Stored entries
== Segment start ==
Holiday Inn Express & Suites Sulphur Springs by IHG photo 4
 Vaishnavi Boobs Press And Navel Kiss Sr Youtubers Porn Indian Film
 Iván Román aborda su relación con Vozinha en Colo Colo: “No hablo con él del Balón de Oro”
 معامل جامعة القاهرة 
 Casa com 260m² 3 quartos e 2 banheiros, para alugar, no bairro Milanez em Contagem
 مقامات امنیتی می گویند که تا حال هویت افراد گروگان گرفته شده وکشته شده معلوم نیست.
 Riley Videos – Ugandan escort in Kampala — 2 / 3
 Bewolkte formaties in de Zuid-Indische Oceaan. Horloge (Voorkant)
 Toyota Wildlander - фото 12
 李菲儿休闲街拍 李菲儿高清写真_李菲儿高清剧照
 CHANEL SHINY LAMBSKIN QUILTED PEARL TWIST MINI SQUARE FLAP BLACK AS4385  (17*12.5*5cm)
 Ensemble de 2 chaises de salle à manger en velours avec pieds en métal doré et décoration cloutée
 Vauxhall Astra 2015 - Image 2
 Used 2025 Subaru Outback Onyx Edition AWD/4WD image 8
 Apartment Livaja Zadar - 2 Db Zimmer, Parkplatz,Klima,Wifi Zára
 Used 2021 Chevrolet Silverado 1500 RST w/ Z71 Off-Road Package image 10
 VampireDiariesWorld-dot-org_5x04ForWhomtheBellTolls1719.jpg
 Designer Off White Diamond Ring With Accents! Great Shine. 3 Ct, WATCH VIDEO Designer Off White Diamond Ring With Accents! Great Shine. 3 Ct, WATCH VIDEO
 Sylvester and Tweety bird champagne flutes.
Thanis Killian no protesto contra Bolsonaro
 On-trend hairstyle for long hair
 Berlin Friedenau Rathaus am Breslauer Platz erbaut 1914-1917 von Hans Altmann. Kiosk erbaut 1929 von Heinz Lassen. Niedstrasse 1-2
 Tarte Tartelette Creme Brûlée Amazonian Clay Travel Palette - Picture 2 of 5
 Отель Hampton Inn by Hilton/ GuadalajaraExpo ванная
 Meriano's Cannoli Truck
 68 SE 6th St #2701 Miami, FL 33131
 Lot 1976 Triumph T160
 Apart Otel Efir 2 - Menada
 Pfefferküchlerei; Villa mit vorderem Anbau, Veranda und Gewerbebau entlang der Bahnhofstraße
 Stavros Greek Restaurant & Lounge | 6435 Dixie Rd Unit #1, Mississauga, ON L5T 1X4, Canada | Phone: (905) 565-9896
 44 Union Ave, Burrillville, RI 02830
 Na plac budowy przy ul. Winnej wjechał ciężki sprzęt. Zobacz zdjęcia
== Segment end ==
YOUR GOAL -
Going back over the entries above, copy word for word every line from the one that has "Casa com 260m²" on through the one that has "VampireDiariesWorld-dot-org_5x04ForWhomtheBellTolls1719.jpg".

REPLY TO THE EXERCISE -
 Casa com 260m² 3 quartos e 2 banheiros, para alugar, no bairro Milanez em Contagem
 مقامات امنیتی می گویند که تا حال هویت افراد گروگان گرفته شده وکشته شده معلوم نیست.
 Riley Videos – Ugandan escort in Kampala — 2 / 3
 Bewolkte formaties in de Zuid-Indische Oceaan. Horloge (Voorkant)
 Toyota Wildlander - фото 12
 李菲儿休闲街拍 李菲儿高清写真_李菲儿高清剧照
 CHANEL SHINY LAMBSKIN QUILTED PEARL TWIST MINI SQUARE FLAP BLACK AS4385  (17*12.5*5cm)
 Ensemble de 2 chaises de salle à manger en velours avec pieds en métal doré et décoration cloutée
 Vauxhall Astra 2015 - Image 2
 Used 2025 Subaru Outback Onyx Edition AWD/4WD image 8
 Apartment Livaja Zadar - 2 Db Zimmer, Parkplatz,Klima,Wifi Zára
 Used 2021 Chevrolet Silverado 1500 RST w/ Z71 Off-Road Package image 10
 VampireDiariesWorld-dot-org_5x04ForWhomtheBellTolls1719.jpg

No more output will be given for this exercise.